BEGIN Extracted records
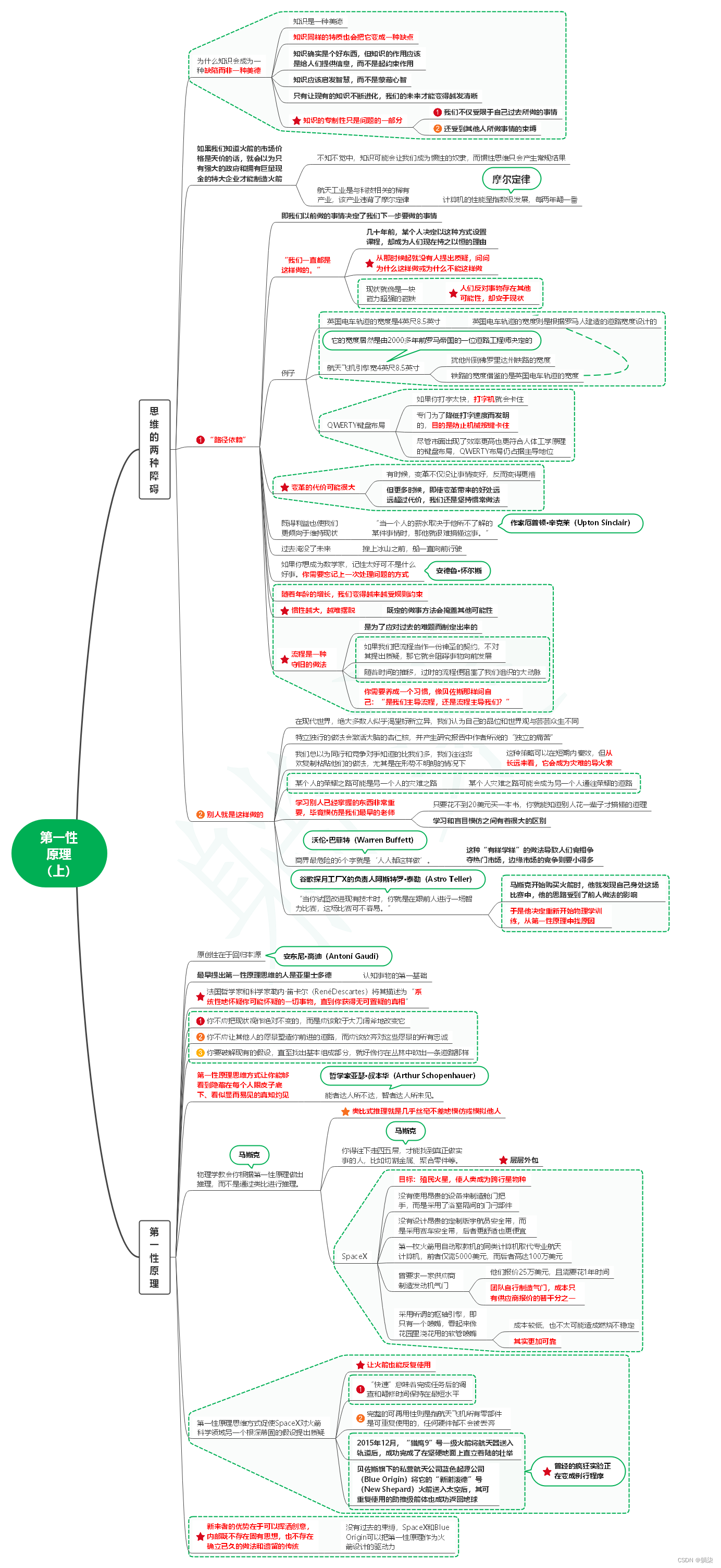 读像火箭科学家一样思考笔记03_第一性原理（上）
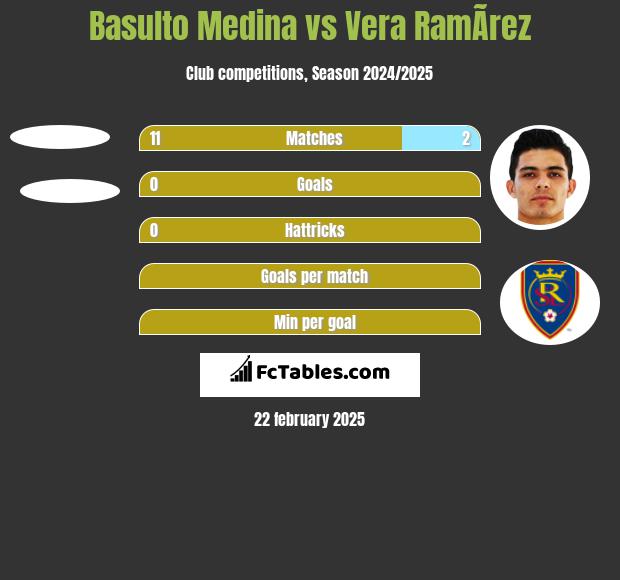 Basulto Medina vs Vera RamÃ­rez h2h player stats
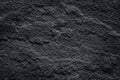 Black slate stone patterns ,dark grey stone texture,natural abstract background Royalty Free Stock Photo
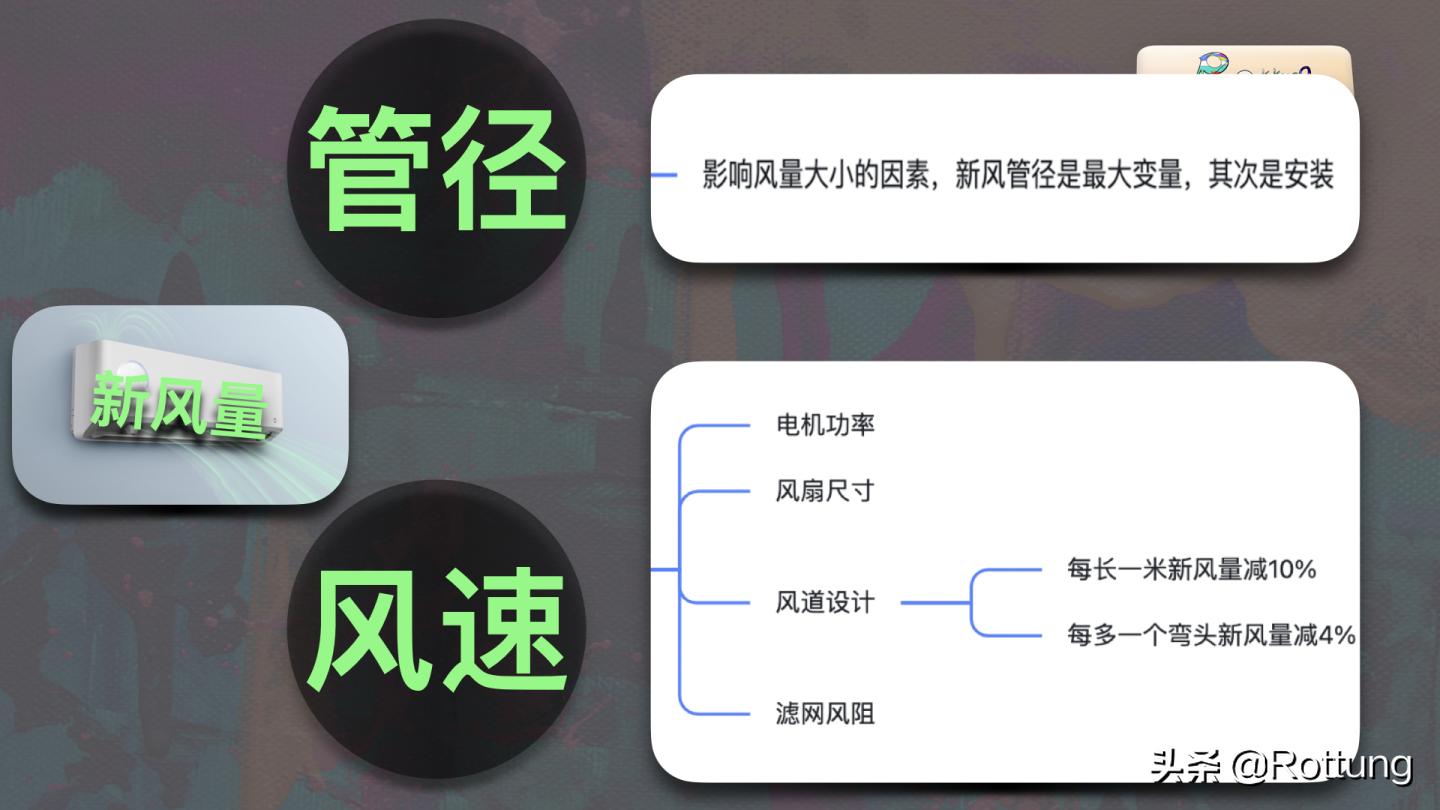 空调要怎么在网上选购,空调选购指南2022版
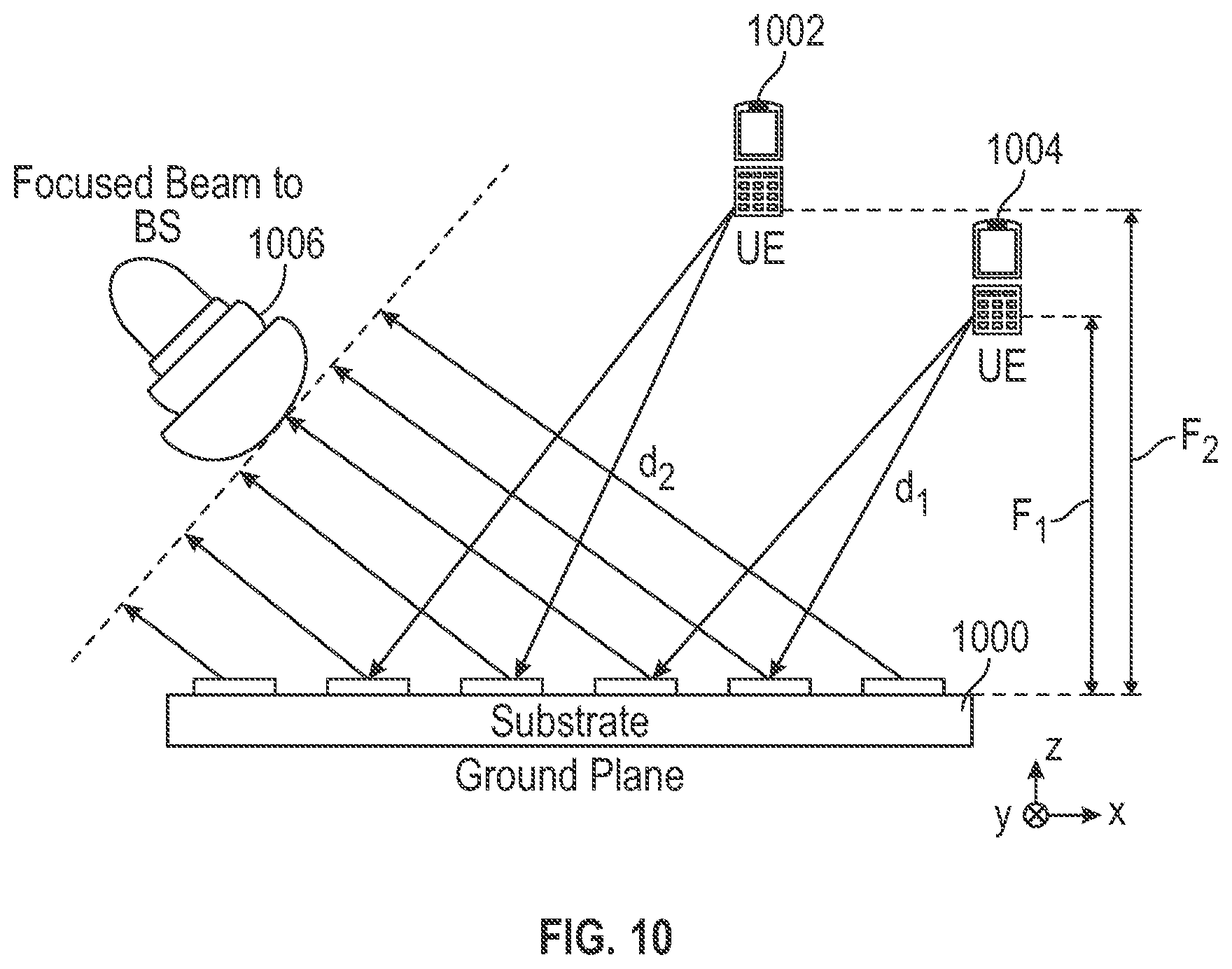 Patent US11785476 Figure 10 – Sensor fusion scanning system and method for wireless network planning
END Extracted records
■ Task statement: If a line falls between the one containing "Black slate stone" and the last line of the entries above, both included, reproduce it exactly; leave the pictures out.

■ Exercise result:
 Black slate stone patterns ,dark grey stone texture,natural abstract background Royalty Free Stock Photo
 空调要怎么在网上选购,空调选购指南2022版
 Patent US11785476 Figure 10 – Sensor fusion scanning system and method for wireless network planning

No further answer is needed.